About this task => For this exercise, return exactly the lines of the material below that begin at the one with "PQ Swim Hillary" and stop after the one with "Wardrobe 50 3D Model Corona".
Dataset records Start Marker
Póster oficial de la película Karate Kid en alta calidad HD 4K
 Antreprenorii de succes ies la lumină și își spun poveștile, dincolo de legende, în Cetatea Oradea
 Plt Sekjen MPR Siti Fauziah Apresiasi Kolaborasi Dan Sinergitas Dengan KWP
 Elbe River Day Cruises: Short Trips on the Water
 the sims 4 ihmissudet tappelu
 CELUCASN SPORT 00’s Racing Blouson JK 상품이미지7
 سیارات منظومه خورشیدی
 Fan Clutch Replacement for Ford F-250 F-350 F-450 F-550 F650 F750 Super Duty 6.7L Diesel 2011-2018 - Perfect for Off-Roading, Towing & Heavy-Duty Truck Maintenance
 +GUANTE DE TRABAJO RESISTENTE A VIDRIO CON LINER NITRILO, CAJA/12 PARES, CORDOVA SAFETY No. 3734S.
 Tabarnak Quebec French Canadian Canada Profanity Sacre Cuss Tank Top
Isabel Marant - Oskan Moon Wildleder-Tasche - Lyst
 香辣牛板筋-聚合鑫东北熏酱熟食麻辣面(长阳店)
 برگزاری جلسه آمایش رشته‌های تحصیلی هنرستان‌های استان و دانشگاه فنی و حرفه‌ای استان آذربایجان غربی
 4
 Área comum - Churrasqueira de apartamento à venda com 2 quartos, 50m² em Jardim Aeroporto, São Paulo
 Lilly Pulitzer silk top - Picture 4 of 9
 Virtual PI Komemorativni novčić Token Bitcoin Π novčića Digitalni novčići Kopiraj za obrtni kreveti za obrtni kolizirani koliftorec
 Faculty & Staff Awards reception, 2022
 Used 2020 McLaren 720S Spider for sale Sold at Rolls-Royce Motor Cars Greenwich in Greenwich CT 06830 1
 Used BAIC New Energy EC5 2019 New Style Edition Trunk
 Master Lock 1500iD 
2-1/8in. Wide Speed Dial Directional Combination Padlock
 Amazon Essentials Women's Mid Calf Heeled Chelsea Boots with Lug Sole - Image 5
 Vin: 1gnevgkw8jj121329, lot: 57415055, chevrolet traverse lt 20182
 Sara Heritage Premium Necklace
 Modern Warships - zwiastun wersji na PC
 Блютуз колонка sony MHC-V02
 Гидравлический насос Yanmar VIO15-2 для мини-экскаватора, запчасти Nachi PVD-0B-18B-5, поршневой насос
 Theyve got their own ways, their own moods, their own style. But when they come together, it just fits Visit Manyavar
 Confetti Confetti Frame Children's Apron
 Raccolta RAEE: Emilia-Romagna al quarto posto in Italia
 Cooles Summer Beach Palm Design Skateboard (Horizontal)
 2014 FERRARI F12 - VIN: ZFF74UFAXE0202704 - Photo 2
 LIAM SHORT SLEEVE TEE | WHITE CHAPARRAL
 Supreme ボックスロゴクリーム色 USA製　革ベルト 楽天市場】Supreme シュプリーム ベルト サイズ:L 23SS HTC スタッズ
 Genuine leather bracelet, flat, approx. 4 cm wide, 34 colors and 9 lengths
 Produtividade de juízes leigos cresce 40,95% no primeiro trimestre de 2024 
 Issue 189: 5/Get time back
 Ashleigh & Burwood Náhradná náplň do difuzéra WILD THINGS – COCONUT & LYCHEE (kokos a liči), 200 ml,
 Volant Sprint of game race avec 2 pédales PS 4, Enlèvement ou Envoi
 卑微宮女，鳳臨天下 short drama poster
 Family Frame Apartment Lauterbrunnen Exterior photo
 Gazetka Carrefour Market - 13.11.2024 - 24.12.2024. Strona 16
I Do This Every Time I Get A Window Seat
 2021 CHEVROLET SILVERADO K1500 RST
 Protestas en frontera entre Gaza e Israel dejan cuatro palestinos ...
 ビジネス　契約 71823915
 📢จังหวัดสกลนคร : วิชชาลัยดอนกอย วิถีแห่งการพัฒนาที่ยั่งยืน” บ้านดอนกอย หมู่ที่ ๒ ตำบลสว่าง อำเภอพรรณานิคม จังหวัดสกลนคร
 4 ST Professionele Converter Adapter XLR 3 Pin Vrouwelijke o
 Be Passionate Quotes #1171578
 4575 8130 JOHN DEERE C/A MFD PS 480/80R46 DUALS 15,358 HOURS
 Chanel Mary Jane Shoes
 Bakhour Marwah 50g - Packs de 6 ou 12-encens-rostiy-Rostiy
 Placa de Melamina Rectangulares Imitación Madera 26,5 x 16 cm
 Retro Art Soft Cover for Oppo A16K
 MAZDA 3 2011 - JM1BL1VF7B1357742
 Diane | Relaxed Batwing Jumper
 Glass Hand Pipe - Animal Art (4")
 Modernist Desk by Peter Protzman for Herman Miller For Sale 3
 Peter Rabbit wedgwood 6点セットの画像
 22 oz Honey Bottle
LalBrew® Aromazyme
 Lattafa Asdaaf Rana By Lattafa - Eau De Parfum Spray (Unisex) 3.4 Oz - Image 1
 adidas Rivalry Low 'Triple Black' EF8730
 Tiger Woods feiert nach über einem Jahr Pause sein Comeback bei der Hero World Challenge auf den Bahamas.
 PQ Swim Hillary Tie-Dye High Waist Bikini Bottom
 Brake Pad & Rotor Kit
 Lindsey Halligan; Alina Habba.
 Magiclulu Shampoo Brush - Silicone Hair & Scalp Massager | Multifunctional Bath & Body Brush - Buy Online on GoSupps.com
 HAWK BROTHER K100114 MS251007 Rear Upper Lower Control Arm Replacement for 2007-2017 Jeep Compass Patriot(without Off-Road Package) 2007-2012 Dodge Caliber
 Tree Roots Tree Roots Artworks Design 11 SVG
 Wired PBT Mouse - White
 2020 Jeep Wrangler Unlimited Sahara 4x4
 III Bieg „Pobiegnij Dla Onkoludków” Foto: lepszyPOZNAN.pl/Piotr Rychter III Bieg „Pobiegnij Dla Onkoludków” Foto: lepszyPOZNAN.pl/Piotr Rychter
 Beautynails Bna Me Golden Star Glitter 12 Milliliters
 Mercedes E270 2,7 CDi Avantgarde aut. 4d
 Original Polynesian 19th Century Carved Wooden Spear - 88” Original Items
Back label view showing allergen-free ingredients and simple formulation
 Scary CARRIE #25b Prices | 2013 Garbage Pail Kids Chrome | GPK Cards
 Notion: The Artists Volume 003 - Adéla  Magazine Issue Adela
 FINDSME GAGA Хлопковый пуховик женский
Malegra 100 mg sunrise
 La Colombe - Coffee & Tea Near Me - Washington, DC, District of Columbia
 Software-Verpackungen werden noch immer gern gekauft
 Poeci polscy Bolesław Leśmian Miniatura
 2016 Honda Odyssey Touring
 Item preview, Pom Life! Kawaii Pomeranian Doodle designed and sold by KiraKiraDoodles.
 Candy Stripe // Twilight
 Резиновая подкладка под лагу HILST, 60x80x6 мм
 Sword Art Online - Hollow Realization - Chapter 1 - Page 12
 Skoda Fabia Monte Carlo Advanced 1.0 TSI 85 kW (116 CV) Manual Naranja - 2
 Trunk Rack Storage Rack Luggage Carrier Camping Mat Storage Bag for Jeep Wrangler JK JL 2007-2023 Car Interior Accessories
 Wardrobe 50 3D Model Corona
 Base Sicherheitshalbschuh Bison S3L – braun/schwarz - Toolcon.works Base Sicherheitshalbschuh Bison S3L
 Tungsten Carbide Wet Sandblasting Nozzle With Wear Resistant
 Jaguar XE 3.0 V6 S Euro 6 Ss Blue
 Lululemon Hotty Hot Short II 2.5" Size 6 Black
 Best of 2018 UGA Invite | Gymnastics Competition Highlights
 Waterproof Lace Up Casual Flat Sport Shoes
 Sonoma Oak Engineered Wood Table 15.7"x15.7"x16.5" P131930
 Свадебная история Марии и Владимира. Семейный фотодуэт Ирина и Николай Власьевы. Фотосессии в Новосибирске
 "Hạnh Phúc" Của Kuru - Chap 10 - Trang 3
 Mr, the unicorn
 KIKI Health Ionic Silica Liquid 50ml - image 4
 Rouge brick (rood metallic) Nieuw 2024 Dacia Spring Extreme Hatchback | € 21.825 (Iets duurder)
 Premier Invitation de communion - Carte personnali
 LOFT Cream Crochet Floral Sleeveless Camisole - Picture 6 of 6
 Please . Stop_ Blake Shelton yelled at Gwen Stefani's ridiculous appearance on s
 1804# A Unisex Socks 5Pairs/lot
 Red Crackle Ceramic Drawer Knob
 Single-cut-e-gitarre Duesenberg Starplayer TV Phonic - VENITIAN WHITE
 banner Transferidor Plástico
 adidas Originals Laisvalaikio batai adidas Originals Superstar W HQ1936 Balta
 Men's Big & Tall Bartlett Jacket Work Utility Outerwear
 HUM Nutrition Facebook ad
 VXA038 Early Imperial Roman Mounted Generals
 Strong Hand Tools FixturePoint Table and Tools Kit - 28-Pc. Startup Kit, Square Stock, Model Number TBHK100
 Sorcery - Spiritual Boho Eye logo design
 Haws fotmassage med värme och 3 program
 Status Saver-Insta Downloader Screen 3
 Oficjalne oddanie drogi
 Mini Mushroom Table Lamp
Dataset records End Marker
Written response =>
 PQ Swim Hillary Tie-Dye High Waist Bikini Bottom
 Brake Pad & Rotor Kit
 Lindsey Halligan; Alina Habba.
 Magiclulu Shampoo Brush - Silicone Hair & Scalp Massager | Multifunctional Bath & Body Brush - Buy Online on GoSupps.com
 HAWK BROTHER K100114 MS251007 Rear Upper Lower Control Arm Replacement for 2007-2017 Jeep Compass Patriot(without Off-Road Package) 2007-2012 Dodge Caliber
 Tree Roots Tree Roots Artworks Design 11 SVG
 Wired PBT Mouse - White
 2020 Jeep Wrangler Unlimited Sahara 4x4
 III Bieg „Pobiegnij Dla Onkoludków” Foto: lepszyPOZNAN.pl/Piotr Rychter III Bieg „Pobiegnij Dla Onkoludków” Foto: lepszyPOZNAN.pl/Piotr Rychter
 Beautynails Bna Me Golden Star Glitter 12 Milliliters
 Mercedes E270 2,7 CDi Avantgarde aut. 4d
 Original Polynesian 19th Century Carved Wooden Spear - 88” Original Items
Back label view showing allergen-free ingredients and simple formulation
 Scary CARRIE #25b Prices | 2013 Garbage Pail Kids Chrome | GPK Cards
 Notion: The Artists Volume 003 - Adéla  Magazine Issue Adela
 FINDSME GAGA Хлопковый пуховик женский
Malegra 100 mg sunrise
 La Colombe - Coffee & Tea Near Me - Washington, DC, District of Columbia
 Software-Verpackungen werden noch immer gern gekauft
 Poeci polscy Bolesław Leśmian Miniatura
 2016 Honda Odyssey Touring
 Item preview, Pom Life! Kawaii Pomeranian Doodle designed and sold by KiraKiraDoodles.
 Candy Stripe // Twilight
 Резиновая подкладка под лагу HILST, 60x80x6 мм
 Sword Art Online - Hollow Realization - Chapter 1 - Page 12
 Skoda Fabia Monte Carlo Advanced 1.0 TSI 85 kW (116 CV) Manual Naranja - 2
 Trunk Rack Storage Rack Luggage Carrier Camping Mat Storage Bag for Jeep Wrangler JK JL 2007-2023 Car Interior Accessories
 Wardrobe 50 3D Model Corona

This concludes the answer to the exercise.